This command terminates some or all of the instances in the Run Farm defined in your
``config_runtime.yaml`` file by the ``run_farm`` ``base_recipe``, depending on the
command line arguments you supply.
By default, running ``firesim terminaterunfarm`` will terminate ALL instances with the
specified ``run_farm_tag``. When you run this command, it will prompt for confirmation
that you want to terminate the listed instances. If you respond in the affirmative, it
will move forward with the termination.
If you do not want to have to confirm the termination (e.g. you are using this command
in a script), you can give the command the ``--forceterminate`` command line argument.
For example, the following will TERMINATE ALL INSTANCES IN THE RUN FARM WITHOUT
PROMPTING FOR CONFIRMATION:
.. code-block:: bash
firesim terminaterunfarm --forceterminate
The ``--terminatesome=INSTANCE_TYPE:COUNT`` flag additionally allows you to terminate
only some (``COUNT``) of the instances of a particular type (``INSTANCE_TYPE``) in a
particular Run Farm.
Here are some examples:
.. code-block:: bash
[ start with 2 f1.16xlarges, 2 f1.2xlarges, 2 m4.16xlarges ]
firesim terminaterunfarm --terminatesome=f1.16xlarge:1 --forceterminate
[ now, we have: 1 f1.16xlarges, 2 f1.2xlarges, 2 m4.16xlarges ]
.. code-block:: bash
[ start with 2 f1.16xlarges, 2 f1.2xlarges, 2 m4.16xlarges ]

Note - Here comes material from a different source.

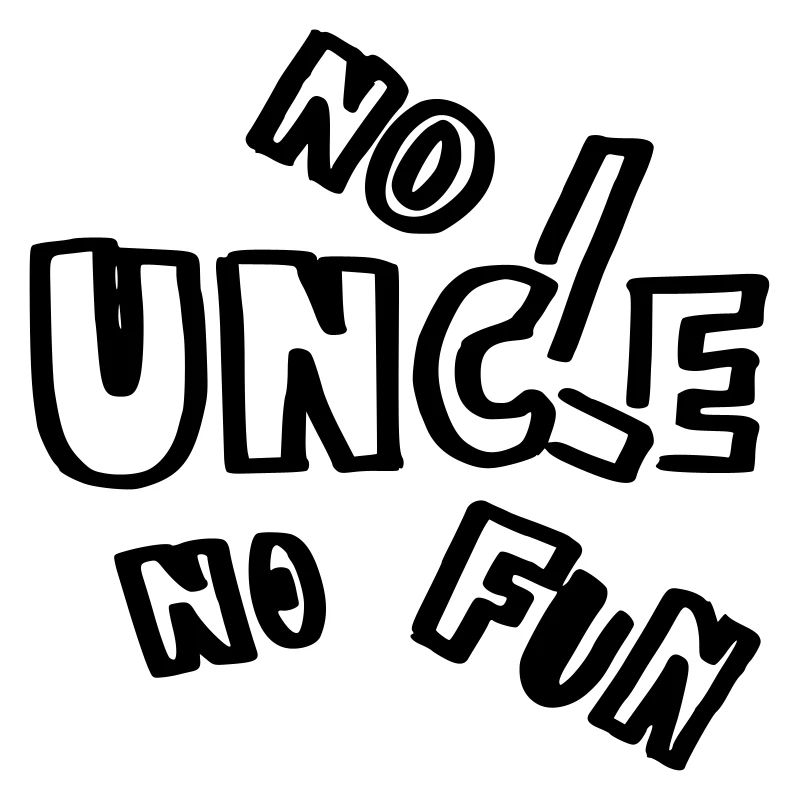 092 uncle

firesim terminaterunfarm --terminatesome=f1.16xlarge:1 --terminatesome=f1.2xlarge:2 --forceterminate
[ now, we have: 1 f1.16xlarges, 0 f1.2xlarges, 2 m4.16xlarges ]
.. warning::
On AWS EC2, once you call ``launchrunfarm``, you will be charged for running
instances in your Run Farm until you call ``terminaterunfarm``. You are responsible
for ensuring that instances are only running when you want them to be by checking
the AWS EC2 Management Panel.
.. _firesim-infrasetup:
``firesim infrasetup``
----------------------
Once you have launched a Run Farm and setup all of your configuration options, the
``infrasetup`` command will build all components necessary to run the simulation and
deploy those components to the machines in the Run Farm. Here is a rough outline of what
the command does:
- Constructs the internal representation of your simulation. This is a tree of
components in the simulation (simulated server blades, switches)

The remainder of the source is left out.